==== Listed entries

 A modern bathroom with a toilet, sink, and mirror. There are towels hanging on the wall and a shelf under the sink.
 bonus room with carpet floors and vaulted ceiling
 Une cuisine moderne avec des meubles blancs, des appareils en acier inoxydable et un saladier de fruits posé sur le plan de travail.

========
==== Listed entries

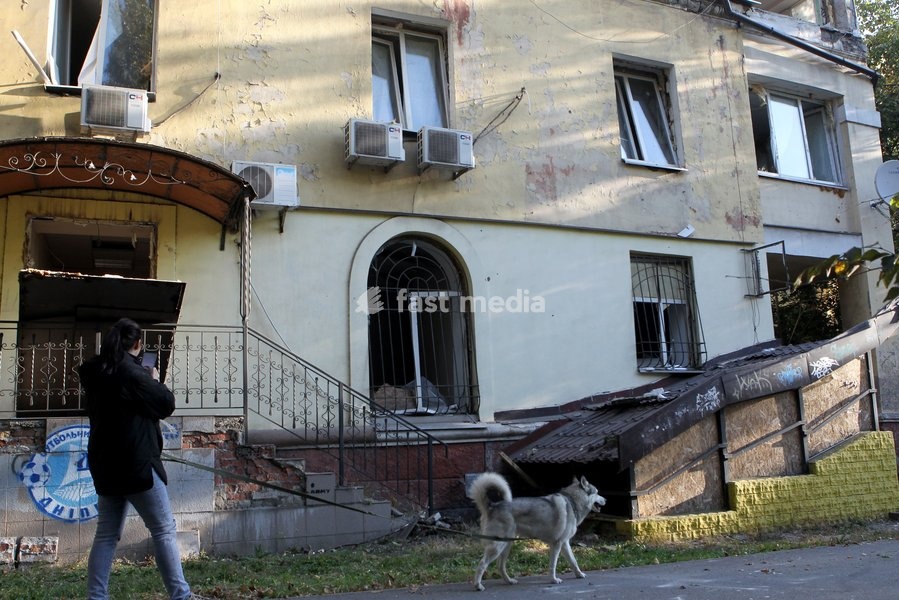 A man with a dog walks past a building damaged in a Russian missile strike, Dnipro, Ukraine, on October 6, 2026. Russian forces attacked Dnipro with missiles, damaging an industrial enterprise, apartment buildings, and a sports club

========

### Exercise description
What you give back should be exactly the lines of the data above from the line with "A modern bathroom" through the line with "Une cuisine moderne", both of those included, and nothing more.

### Exercise answer
 A modern bathroom with a toilet, sink, and mirror. There are towels hanging on the wall and a shelf under the sink.
 bonus room with carpet floors and vaulted ceiling
 Une cuisine moderne avec des meubles blancs, des appareils en acier inoxydable et un saladier de fruits posé sur le plan de travail.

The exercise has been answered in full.